Scramble is a C preprocessor which allows to write C code which looks a bit like Python code with a full Python3 environment available for meta programming. That is, no semantics at all are changed - when using Scramble you still write C code. But it has a syntax more similar to Python.

Similar (and better) projects:

Download

Get latest scramble from here.

Source

Browse the source code.

Example

Scramble is used like this:

scramble.py -i input.py -c output.c -h output.h -n name

For example, if you have a file main.py, then you could run:

scramble.py -i src/main.py -c build/c/main.c -h build/h/main.h -n main

And if your src/main.c would look like to the left, the resulting files would look like to the right (The red color indicates what the -n options does):

src/main.py

import stdio, string, math

int def main(int argc, char **argv):
    if argc == 2:
        printf("%f\n", sin(strtod(argv[1]))
        return 0
    else:
        fprintf(stderr, "Need exactly one argument!\n")
        return 1

build/c/main.c

#include "main.h"

int main(int argc, char **argv)
{
    if (argc == 2) {
        printf("%f\n", sin(strtod(argv[1]));
        return 0;
    }
    else {
        fprintf(stderr, "Need exactly one argument!\n");
        return 1;
    }
}

build/h/main.h

#ifndef _MAIN_

#include "stdio.h"
#include "string.h"
#include "math.h"

extern int main(int argc, char **argv);

#endif

Syntax

usage: scramble [-?] [-i INPUT] [-c CFILE] [-C] [-h HFILE] [-n NAME]
                [-p PREFIX] [-N] [-s SFILE] [--noc99] [-j JOIN [JOIN ...]]
                [-o OUTPUT] [-t CTYPES]

optional arguments:
  -?, --help
  -i INPUT, --input INPUT
                        input file
  -c CFILE, --cfile CFILE
                        c output file
  -C, --comments        keep comments
  -h HFILE, --hfile HFILE
                        h output file
  -n NAME, --name NAME  module name
  -p PREFIX, --prefix PREFIX
                        header guard prefix
  -N, --no-lines        don't generate #line directives
  -s SFILE, --sfile SFILE
                        intermediate code output file
  --noc99               do not use C99
  -j JOIN [JOIN ...], --join JOIN [JOIN ...]
                        files to join
  -o OUTPUT, --output OUTPUT
                        source code output file
  -t CTYPES, --ctypes CTYPES
                        ctypes output file

Keywords

All C, C++ and Python keywords basically are also Scramble keywords.
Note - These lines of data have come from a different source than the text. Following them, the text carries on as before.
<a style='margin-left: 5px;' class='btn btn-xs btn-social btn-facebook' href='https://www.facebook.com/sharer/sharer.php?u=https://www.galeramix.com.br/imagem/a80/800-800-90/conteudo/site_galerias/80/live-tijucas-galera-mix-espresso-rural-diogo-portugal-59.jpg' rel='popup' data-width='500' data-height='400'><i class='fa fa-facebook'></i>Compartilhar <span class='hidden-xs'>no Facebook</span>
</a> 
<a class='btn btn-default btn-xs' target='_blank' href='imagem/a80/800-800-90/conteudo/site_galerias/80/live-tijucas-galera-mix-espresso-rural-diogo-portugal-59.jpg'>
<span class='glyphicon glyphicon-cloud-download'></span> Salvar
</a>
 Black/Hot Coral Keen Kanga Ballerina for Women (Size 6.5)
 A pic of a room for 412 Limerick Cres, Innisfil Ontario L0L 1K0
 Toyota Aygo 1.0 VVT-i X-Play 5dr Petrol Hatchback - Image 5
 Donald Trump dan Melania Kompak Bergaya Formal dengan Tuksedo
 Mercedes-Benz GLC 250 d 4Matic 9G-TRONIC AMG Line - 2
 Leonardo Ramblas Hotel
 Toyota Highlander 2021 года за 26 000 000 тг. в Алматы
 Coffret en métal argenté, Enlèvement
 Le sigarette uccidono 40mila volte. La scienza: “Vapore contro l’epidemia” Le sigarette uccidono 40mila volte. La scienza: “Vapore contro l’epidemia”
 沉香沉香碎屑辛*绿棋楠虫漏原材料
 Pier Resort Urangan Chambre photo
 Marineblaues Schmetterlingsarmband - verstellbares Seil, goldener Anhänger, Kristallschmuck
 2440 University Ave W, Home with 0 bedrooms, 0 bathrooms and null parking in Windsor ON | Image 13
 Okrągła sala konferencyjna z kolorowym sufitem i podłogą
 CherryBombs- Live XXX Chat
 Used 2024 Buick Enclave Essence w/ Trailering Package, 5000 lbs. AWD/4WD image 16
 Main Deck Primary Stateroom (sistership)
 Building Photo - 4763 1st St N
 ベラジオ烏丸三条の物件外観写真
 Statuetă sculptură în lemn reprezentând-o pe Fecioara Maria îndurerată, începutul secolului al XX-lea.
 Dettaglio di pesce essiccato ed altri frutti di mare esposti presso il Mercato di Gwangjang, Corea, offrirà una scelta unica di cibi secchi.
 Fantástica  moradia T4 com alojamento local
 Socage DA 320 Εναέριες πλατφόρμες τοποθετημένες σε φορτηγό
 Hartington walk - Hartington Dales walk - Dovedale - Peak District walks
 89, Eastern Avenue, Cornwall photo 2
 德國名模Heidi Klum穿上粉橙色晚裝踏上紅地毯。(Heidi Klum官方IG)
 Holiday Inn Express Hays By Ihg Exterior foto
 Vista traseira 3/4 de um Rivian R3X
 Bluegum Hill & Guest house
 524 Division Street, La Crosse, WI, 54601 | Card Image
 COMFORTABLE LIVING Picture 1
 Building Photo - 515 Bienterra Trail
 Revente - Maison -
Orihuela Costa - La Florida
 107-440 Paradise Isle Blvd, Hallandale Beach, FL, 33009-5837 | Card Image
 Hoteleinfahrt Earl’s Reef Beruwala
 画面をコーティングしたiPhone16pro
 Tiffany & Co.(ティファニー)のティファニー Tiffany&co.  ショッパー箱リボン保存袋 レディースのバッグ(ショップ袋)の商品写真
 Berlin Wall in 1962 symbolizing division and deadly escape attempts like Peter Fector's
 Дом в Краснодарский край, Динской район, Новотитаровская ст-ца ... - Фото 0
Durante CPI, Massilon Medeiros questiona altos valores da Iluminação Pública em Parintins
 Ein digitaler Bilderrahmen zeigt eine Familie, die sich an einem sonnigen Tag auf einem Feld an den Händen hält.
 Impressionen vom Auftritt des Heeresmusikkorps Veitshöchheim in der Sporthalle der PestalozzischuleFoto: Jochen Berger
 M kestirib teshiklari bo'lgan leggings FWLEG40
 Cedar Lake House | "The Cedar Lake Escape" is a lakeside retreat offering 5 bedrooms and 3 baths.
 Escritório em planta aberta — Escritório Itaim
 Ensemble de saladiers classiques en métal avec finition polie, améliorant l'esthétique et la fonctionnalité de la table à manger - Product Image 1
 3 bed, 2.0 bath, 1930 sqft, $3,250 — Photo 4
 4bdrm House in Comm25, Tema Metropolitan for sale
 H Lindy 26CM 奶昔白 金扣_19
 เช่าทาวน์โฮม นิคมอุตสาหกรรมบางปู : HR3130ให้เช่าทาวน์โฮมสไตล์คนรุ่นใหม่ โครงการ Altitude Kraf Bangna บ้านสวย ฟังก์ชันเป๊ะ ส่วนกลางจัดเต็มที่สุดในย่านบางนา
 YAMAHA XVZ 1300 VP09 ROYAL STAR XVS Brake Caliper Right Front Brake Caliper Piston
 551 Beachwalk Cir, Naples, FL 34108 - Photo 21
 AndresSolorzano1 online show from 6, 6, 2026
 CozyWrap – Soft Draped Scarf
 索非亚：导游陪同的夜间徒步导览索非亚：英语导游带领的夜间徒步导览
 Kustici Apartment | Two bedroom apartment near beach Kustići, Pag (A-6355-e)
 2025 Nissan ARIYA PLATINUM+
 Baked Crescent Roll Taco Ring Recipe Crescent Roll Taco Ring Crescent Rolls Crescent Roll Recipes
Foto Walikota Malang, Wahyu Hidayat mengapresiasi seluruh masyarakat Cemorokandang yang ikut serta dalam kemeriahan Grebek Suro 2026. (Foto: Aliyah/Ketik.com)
The following control flow constructs are used by scramble: while, switch...case, do...while, for X while Y with Z [for (X; Y; Z) in C], for...in, if...elif...else, label [: in C], goto.

And these declarations: class [struct in C], def, enum, global, import, macro [#define in C], static, struct, typedef, union.

These Python operators are used instead of the C++ ones: and [&& in C], max, min, not [! in C], or [|| in C].

And there's a few new constants: True, False, None.

Features

In general, here is what scramble will do:

More stuff (might change?)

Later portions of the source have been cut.